“Diplomata iraniano é suspeito de abusar de 4 crianças em Brasília
Um diplomata do Irã é suspeito de ter abusado de quatro meninas, entre 9 e 15 anos, em um clube de Brasília no fim de semana, segundo a polícia (…)
Segundo relato dos pais, ele tocou as partes íntimas das garotas enquanto mergulhava na piscina. Foi levado a uma delegacia e liberado. ‘Ele tem imunidade diplomática’, disse o delegado-adjunto Johnson Monteiro”
Os agentes diplomáticos representam seu país em um país estrangeiro e, por isso, possuem alguns direitos inerentes que sevem para proteger o exercício daquela função. A ideia não é criar um benefício para as pessoas, mas possibilita-las exercerem suas funções de forma eficiente, protegendo os interesses de ambos os países.

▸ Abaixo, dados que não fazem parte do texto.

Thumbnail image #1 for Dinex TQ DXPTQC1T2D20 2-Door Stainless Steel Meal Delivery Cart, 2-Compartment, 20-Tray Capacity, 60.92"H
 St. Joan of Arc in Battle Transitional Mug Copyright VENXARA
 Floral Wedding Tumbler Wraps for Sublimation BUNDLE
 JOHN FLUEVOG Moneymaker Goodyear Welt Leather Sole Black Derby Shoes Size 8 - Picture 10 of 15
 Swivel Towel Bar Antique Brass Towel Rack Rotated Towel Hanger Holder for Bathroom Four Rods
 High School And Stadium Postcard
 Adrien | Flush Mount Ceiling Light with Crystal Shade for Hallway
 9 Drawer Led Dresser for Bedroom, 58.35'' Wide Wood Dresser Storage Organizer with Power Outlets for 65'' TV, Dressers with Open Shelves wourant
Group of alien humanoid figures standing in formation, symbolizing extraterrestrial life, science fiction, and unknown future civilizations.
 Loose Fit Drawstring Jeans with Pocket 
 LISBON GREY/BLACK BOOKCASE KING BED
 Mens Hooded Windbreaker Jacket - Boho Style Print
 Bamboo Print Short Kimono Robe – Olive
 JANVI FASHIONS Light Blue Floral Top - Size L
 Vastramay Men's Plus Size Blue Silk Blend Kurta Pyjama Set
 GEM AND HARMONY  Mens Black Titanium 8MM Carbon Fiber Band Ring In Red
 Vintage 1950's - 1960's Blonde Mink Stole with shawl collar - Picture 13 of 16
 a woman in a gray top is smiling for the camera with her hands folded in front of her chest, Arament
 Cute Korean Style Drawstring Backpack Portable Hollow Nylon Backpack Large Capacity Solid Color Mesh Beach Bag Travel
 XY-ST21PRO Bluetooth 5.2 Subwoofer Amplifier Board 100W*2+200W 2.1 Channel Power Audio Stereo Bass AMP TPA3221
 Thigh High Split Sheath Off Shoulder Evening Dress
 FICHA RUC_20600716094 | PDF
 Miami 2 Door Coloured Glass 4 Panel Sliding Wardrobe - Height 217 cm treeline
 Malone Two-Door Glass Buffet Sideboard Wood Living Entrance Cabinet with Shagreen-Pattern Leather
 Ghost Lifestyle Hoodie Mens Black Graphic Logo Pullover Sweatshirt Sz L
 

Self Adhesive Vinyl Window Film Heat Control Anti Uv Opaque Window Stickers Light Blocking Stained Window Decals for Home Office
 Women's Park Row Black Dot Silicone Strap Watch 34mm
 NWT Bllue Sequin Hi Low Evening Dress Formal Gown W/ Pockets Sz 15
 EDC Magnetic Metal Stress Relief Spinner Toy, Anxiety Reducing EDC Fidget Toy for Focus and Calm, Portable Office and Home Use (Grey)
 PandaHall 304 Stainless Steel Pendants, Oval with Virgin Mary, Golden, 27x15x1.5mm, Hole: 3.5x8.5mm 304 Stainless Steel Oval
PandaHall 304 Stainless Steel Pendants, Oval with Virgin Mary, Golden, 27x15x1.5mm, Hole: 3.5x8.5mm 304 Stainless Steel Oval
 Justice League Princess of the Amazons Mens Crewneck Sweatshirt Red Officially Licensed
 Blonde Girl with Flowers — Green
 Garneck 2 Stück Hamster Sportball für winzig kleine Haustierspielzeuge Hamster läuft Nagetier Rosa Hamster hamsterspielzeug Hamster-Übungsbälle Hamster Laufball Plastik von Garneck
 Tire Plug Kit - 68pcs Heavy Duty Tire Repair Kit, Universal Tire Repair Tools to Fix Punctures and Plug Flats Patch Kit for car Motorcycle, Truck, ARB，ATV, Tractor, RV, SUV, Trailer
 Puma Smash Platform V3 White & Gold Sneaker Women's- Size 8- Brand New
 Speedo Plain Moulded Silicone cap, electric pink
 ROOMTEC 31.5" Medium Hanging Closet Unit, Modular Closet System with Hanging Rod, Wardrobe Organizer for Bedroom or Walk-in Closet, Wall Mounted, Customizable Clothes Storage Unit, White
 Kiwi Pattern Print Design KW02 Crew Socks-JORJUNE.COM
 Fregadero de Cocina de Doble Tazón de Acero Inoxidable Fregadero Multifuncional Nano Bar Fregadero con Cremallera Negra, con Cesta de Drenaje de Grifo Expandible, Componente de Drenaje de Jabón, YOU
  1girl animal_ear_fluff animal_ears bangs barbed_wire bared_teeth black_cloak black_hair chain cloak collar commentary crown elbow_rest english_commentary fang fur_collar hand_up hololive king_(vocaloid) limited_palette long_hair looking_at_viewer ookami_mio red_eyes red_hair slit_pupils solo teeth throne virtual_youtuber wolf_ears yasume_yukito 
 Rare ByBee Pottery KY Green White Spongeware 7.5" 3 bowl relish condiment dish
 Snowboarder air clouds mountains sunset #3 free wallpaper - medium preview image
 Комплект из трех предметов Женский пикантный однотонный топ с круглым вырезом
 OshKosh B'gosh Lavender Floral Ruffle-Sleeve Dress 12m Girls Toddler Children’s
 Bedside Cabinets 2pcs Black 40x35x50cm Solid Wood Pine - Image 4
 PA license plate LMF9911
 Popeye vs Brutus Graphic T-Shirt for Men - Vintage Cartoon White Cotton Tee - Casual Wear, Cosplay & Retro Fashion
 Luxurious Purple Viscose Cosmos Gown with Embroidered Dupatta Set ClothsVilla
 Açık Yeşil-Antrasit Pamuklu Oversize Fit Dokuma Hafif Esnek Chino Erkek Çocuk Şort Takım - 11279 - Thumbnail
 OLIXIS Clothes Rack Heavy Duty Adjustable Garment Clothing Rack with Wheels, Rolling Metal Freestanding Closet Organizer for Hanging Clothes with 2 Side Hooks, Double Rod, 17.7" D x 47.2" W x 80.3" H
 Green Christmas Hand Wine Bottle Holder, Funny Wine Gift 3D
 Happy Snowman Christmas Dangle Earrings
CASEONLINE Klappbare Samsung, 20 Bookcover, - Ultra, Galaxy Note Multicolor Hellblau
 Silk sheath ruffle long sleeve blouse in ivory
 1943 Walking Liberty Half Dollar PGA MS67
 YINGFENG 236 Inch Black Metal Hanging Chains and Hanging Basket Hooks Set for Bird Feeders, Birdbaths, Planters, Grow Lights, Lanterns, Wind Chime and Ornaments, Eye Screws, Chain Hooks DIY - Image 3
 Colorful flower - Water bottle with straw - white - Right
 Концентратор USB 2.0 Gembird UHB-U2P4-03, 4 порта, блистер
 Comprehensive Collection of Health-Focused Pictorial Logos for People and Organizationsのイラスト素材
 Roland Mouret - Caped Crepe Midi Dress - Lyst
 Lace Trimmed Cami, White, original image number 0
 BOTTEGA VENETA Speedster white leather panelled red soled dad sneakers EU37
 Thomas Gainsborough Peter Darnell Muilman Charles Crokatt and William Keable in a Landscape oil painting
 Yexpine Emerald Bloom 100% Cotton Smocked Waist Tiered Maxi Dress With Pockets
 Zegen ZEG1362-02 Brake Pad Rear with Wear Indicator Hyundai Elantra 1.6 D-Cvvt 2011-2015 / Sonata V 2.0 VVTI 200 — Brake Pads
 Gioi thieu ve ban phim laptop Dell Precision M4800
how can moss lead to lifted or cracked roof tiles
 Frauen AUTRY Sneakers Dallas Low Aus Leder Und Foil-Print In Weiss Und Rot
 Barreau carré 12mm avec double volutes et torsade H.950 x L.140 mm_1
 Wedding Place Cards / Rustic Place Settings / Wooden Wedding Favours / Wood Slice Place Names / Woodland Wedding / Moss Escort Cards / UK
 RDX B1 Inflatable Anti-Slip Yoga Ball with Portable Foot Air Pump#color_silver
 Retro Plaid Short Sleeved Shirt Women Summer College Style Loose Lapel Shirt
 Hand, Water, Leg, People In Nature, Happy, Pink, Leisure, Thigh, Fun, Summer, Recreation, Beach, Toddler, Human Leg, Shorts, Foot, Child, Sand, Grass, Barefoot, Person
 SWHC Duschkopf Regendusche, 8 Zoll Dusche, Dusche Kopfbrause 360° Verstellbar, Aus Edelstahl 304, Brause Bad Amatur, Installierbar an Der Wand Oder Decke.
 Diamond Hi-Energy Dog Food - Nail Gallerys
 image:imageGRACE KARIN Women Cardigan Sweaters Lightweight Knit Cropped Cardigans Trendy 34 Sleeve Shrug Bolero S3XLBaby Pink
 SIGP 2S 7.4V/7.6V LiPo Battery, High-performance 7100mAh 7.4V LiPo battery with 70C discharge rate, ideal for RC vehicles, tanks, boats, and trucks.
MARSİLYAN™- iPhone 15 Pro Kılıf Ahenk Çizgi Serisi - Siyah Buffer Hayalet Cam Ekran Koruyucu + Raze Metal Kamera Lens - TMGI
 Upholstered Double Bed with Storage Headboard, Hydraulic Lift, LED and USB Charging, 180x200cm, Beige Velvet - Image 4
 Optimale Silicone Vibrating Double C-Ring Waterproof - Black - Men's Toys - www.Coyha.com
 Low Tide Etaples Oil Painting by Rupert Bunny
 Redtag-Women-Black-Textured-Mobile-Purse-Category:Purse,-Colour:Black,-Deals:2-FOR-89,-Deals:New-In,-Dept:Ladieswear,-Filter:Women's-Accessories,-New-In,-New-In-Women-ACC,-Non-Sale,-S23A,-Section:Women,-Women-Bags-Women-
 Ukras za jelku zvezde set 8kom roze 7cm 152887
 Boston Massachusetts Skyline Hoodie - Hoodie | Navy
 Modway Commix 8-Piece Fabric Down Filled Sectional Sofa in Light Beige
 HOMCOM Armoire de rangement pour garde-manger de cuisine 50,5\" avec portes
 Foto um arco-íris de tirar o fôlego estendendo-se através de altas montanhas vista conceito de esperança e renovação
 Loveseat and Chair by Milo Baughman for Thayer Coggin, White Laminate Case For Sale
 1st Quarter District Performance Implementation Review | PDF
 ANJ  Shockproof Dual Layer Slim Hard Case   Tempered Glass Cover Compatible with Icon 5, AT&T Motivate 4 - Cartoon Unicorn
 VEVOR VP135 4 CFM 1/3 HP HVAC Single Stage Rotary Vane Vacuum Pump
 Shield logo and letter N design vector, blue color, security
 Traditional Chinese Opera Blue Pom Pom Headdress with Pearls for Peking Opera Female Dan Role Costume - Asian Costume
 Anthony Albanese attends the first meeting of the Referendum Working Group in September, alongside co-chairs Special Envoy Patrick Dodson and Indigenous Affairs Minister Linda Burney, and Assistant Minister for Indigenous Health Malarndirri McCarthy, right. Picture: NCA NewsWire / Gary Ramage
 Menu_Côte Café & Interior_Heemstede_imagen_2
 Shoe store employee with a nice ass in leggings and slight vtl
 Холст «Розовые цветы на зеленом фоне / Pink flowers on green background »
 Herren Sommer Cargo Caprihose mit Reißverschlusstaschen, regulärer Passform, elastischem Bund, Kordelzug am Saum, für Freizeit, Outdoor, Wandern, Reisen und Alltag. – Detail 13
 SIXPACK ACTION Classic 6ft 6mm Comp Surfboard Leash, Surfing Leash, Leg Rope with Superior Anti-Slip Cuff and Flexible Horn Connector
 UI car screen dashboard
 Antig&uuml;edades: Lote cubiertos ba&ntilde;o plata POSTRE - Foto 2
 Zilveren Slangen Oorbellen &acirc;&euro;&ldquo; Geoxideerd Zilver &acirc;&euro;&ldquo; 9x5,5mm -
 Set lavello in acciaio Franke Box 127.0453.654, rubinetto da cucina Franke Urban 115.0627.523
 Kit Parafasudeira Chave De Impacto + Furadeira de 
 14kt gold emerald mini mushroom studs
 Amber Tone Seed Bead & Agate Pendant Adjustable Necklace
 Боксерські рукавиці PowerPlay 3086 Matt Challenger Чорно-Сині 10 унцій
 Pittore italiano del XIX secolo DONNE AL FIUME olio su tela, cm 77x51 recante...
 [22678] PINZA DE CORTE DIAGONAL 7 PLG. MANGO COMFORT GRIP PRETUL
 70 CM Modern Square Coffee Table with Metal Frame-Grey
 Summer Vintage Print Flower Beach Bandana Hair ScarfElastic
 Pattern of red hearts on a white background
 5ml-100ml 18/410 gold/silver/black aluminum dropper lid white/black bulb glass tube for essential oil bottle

Sim, ambos os países: imunidade diplomática protege tanto os interesses do país emissário (por exemplo, evitando que seu embaixador seja preso no país hospedeiro sob falsas alegações), quanto do país hospedeiro (por exemplo, o governo daquele país, pressionado por sua população a agir contra o agente diplomático, pode sempre apontar para a Convenção de Viena sobre as Relações Diplomáticas e dizer que não pode fazer nada porque a tal Convenção garante a imunidade aos agentes diplomáticos).
A inviolabilidade diplomática significa que a pessoa não está sujeita a prisão ou detenção, e o país hospedeiro deve tomar as precauções necessárias para proteger o diplomata, inclusive contra ataques à sua dignidade. O mesmo acontece com sua residência pessoal, suas correspondências e papéis, além, claro, da inviolabilidade do local da missão diplomática (embaixada ou consulado) e das correspondências e papéis diplomáticos.
É uma espécie de ‘eu protejo (e não toco em) seu servidores e propriedades em meu país, e você proteger (e não tocar nos) meus servidores e propriedades em seu país’.
Já a imunidade é um pouco mais complexa. Ela significa que o agente diplomático não está sujeito a processos administrativos, civis ou penais no país hospedeiro, exceto em processos relacionados a propriedades imóveis particulares, sucessões (heranças), e atividades profissionais e comerciais exercidas por ele fora de suas funções diplomáticas.
No caso da matéria acima, se os fatos narrados realmente ocorreram, houve um crime. Isso quer dizer que o diplomata iraniano pode cometer qualquer delito no Brasil e sair impune? Mais ou menos, pois há exceções:
- Ele é imune porque seu país diz que ele o representa. Logo, o país emissário (no caso, o Irã), pode simplesmente dizer ao país hospedeiro (no caso, o Brasil) que está permitindo ao Brasil remover a imunidade diplomática daquela pessoa. Nesse caso, ela passa a estar sujeita ao processo no país hospedeiro.
- Além disso, a imunidade diplomática no país hospedeiro não o isenta de um processo no país de origem. Logo, o diplomata iraniano pode ser processado no Irã por sua conduta no Brasil, se as leis de lá disserem que (a) a lei iraniana é aplicável às condutas de seus agentes fora de seu território e (b) que o que fez é delito.
- Se for o agente diplomático quem iniciar o processo no país hospedeiro, mais tarde ele não pode invocar sua imunidade para se proteger contra um processo correlato àquele que iniciou, ou contra uma condenação naquele processo que ele iniciou.
- Por fim, se o agente diplomático for residente permanente ou nacional do país hospedeiro (por exemplo, quando ele possui dupla cidadania ou já morava lá antes de ser nomeado diplomata), sua imunidade é apenas em relação aos atos oficiais. Em relação a todo o resto, ele é tratado como qualquer outro residente do país hospedeiro. Por exemplo, frequentar a piscina de um clube não é um ato oficial de um diplomata.
Os membros da família do agente diplomático também estão protegidas pela imunidade e inviolabilidade.
Por fim, e para quem gosta de filmes de espionagem, repare que ‘agentes secretos’ ou infiltrados não são agentes diplomáticos. Se não foram credenciados como diplomatas pelo país hospedeiro, não estão protegidos pela imunidade e pela inviolabilidade concedida aos diplomatas. É por isso que tantos diplomatas acabam exercendo a função dupla de diplomatas e agentes secretos: se forem descobertos pelo país hospedeiro, estão protegidos pela imunidade/inviolabilidade até serem expulsos do país hospedeiro.
PS: Não confunda inviolabilidade e imunidade com extraterritorialidade. A embaixada não é território estrangeiro, como já explicamos aqui.